The Department of Defense has begun delivering furlough notices to civilian employees, setting in motion a chain of actions that will result in hundreds of thousands of Defense workers losing time on their jobs.

Some 750,000 Defense employees face up to 11 days of furlough beginning July 8 owing to automatic budget cuts mandated by sequestration. Although most other federal departments have managed to avoid furloughs, Secretary of Defense Chuck Hagel announced May 14 that the Pentagon has concluded that it cannot make the necessary cuts without them.

The distribution of the notices of proposed furloughs, which began Tuesday, is scheduled to be completed by June 5.

“To the greatest extent possible, employees will be notified of a furlough in writing, hand-delivered to the employee by the immediate supervisor,” said Navy Cmdr. Leslie Hull-Ryde, a Department of Defense spokeswoman.

Hull-Ryde added that in some cases, notifications will be sent via certified mailed to the employee’s home. “E-mail is also an option, if necessary,” she said.

Employees have seven calendar days to appeal the decision, and will receive formal responses no later than July 5, according to the Defense Department.

Once they begin, most civilian workers will face one day of furlough per week.
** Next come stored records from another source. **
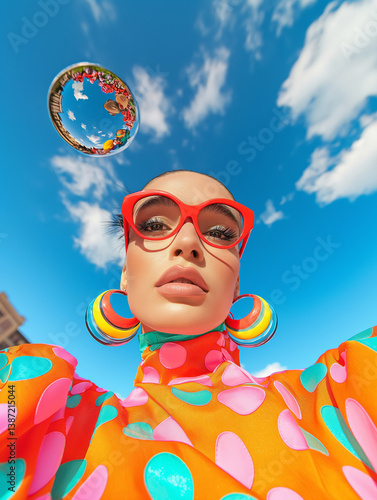 A stylish woman in polka dot fashion and oversized red glasses poses with a surreal reflective bubble floating above. Bold urban fashion with whimsical pop art vibes.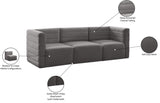 Quincy Velvet / Engineered Wood / Foam Contemporary Grey Velvet Modular Sofa - 95" W x 31.5" D x 30.5" H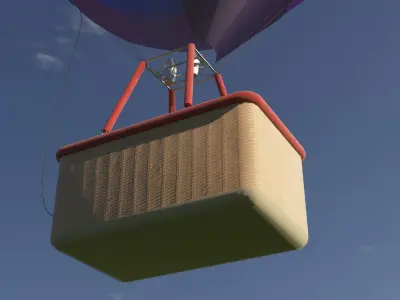 Hot air balloon Low-poly 3D model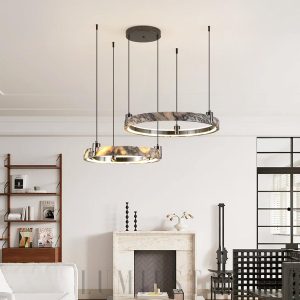 Żyrandol marmurowy okrągły biały czarny średnica 49 65cm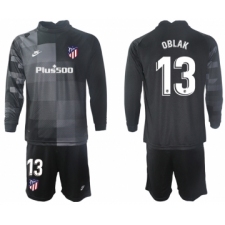 Men 2021-2022 Club Atletico Madrid black goalkeeper Long Sleeve 13 Soccer Jersey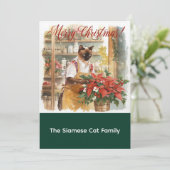 Catクリスマスフラワーアレンジメントバイフローリスト紙 シーズンカード (スタンド正面)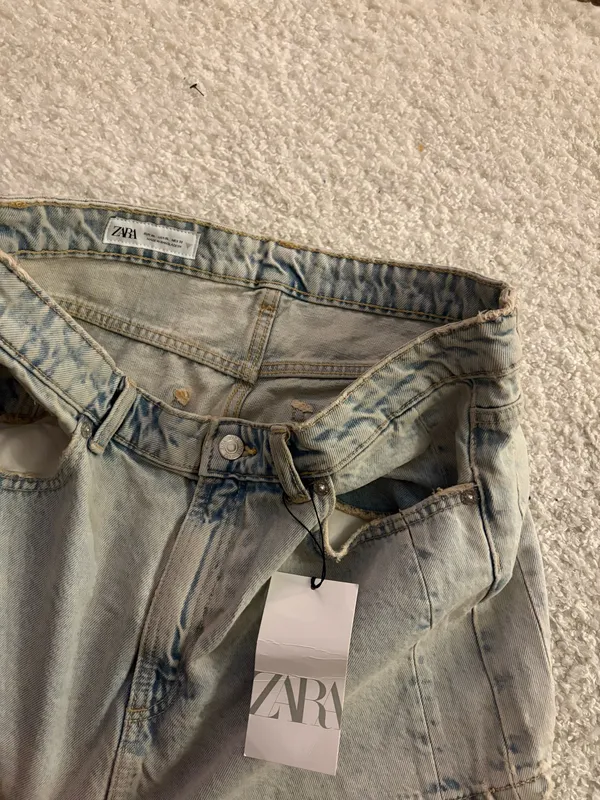 NWT Zara TRF light blue denim mini skirt. Size XL - Image 2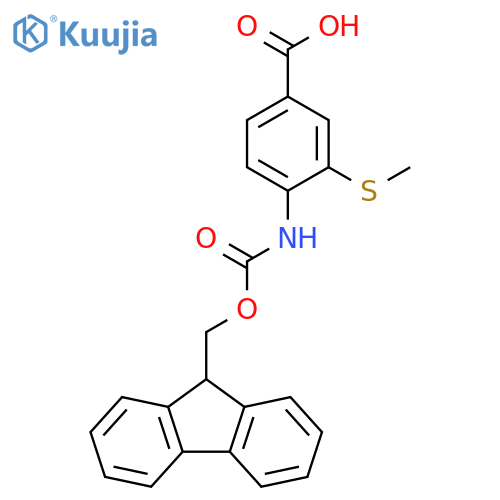 4-({(9H-fluoren-9-yl)methoxycarbonyl}amino)-3-(methylsulfanyl)benzoic acid structure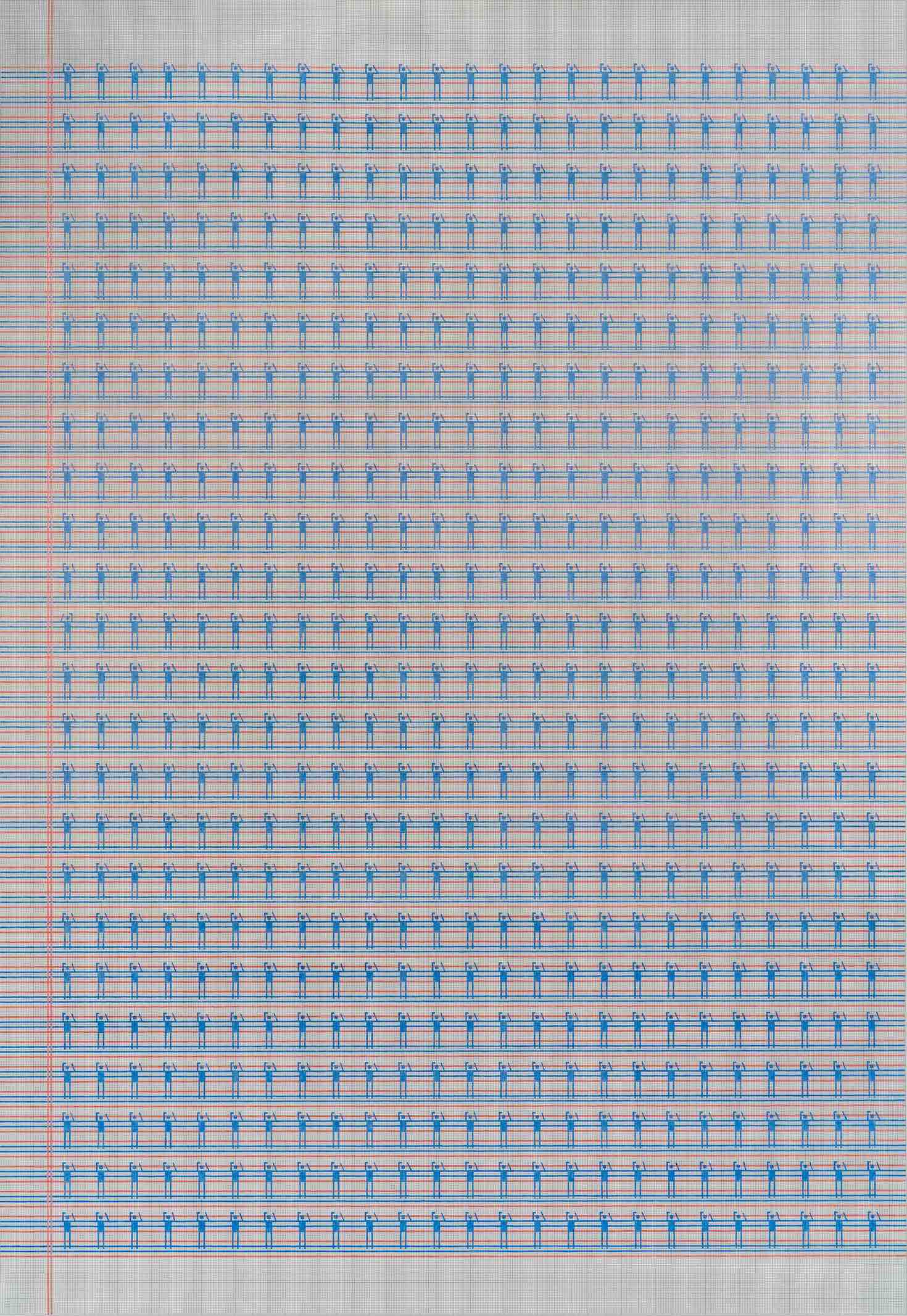 Koyal Raheja, pencil drawing on graph paper, contemporary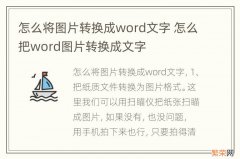 怎么将图片转换成word文字 怎么把word图片转换成文字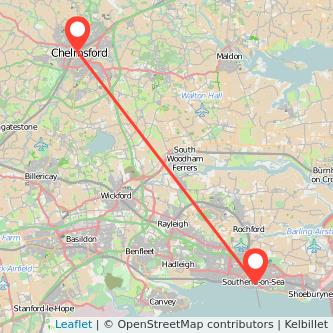 Chelmsford Southend-on-Sea bus map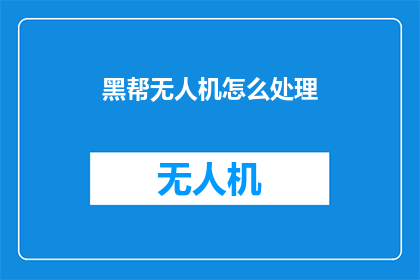 黑帮无人机怎么处理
The 20 percent cut in pay over the 11-week period will cause undue hardship for many defense workers, according to union representatives.

“I have made this decision very reluctantly, because I know that the furloughs will disrupt lives and impact DoD operations,” Hagel said in announcing the furloughs. “I recognize the significant hardship this places on you and your families.”

The Pentagon estimates that the furloughs will save the department $1.8 billion. The 11 days are down from the 14 that the Pentagon had warned would be needed, and only half of the 22 days that were originally forecast.

Hagel said the Pentagon will consider reducing the number of days further should the department’s financial picture improve.